____ Source material
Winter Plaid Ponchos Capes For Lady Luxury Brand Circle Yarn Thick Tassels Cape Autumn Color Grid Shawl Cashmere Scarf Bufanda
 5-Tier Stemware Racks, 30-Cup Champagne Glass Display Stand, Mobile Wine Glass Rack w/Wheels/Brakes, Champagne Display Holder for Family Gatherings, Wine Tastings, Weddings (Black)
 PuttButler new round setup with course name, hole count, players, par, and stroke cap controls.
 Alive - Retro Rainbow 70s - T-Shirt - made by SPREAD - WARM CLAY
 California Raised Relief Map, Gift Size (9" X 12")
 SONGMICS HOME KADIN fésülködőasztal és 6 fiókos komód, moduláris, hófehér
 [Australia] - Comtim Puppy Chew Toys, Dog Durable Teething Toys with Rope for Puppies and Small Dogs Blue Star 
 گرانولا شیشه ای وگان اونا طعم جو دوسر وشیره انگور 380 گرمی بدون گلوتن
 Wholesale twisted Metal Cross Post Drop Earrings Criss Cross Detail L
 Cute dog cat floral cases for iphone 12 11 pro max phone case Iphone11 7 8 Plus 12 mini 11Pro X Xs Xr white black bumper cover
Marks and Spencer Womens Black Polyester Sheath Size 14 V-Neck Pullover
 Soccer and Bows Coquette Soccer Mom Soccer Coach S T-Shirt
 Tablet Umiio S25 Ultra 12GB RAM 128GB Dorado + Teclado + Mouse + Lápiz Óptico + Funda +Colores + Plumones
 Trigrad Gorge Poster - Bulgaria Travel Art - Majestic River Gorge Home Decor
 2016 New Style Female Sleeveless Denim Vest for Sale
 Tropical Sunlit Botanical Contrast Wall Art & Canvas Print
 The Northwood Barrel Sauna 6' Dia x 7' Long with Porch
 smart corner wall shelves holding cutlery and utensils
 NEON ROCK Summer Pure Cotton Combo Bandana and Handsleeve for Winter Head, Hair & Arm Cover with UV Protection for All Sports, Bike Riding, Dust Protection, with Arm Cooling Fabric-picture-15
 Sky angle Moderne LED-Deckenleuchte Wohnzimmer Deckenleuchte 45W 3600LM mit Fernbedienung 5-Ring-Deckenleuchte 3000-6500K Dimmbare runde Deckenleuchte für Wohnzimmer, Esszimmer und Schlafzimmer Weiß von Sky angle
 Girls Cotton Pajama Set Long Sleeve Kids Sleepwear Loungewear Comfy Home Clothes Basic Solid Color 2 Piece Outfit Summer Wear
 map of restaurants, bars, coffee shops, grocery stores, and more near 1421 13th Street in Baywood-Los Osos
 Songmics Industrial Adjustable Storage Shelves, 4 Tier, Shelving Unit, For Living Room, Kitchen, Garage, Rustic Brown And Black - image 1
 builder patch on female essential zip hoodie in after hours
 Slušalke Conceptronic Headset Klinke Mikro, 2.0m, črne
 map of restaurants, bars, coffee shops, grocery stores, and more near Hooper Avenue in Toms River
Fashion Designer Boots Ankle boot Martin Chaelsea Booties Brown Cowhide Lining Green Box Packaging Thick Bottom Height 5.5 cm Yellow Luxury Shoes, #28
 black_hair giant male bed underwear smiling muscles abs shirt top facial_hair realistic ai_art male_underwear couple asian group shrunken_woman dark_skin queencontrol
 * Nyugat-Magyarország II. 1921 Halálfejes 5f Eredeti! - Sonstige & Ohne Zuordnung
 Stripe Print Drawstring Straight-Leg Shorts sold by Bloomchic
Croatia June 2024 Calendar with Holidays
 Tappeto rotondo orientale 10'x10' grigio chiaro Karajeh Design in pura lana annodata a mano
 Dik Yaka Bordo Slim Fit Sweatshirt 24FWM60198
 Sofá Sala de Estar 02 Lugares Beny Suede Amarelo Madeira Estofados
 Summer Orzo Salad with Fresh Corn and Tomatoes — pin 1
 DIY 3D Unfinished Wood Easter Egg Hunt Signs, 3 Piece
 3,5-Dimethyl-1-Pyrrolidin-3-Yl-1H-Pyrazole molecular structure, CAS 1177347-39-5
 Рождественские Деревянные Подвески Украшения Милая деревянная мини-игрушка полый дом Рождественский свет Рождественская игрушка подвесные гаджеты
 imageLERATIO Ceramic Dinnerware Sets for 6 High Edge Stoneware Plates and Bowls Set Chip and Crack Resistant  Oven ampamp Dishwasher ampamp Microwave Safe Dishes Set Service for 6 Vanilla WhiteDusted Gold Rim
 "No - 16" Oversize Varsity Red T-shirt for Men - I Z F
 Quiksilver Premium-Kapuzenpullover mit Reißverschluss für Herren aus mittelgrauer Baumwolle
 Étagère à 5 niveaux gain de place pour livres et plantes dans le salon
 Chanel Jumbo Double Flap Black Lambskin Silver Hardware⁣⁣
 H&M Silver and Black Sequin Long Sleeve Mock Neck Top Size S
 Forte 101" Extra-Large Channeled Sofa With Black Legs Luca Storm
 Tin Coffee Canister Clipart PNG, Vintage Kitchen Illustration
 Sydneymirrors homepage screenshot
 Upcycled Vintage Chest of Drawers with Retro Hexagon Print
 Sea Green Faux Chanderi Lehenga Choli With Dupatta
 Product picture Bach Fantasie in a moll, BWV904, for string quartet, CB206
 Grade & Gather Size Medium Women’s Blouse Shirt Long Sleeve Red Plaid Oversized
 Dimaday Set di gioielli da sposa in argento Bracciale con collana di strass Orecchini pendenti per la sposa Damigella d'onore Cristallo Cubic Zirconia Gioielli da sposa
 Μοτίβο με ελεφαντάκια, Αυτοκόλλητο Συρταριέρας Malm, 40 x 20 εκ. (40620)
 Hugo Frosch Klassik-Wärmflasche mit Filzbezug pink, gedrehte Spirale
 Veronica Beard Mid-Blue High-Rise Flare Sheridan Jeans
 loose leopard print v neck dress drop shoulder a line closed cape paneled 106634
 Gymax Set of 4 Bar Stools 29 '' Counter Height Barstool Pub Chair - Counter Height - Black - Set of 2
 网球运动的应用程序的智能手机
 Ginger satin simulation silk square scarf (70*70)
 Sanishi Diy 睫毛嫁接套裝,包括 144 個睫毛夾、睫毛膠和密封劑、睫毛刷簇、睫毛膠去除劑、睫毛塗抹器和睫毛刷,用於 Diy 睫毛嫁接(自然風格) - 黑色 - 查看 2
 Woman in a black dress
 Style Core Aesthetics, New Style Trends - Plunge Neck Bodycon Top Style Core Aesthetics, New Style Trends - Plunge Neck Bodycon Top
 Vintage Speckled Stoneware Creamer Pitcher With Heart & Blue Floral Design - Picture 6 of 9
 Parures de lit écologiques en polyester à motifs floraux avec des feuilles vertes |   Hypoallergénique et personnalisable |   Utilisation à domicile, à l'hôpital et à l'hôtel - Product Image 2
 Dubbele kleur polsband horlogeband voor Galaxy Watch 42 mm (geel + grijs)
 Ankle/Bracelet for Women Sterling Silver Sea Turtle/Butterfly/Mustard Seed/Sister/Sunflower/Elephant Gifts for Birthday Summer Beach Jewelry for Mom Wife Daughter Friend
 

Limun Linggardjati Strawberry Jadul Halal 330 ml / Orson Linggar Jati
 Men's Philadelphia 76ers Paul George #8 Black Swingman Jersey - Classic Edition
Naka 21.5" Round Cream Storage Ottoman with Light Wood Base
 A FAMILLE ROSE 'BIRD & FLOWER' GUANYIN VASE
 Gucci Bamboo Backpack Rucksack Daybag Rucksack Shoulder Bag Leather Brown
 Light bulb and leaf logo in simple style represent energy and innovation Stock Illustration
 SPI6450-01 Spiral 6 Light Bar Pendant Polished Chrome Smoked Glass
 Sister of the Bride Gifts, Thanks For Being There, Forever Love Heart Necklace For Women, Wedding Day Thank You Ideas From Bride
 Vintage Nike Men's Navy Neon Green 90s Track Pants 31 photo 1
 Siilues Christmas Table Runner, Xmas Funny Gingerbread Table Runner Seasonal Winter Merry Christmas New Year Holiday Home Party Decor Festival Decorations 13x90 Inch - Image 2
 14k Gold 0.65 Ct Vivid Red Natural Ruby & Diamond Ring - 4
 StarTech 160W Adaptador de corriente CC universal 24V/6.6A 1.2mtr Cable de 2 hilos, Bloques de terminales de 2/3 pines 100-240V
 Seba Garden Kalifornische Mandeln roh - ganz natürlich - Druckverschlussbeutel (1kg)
________
§ Problem:
Across the records above, count the lines holding "Glass" and write down only that count.

§ Written response:
2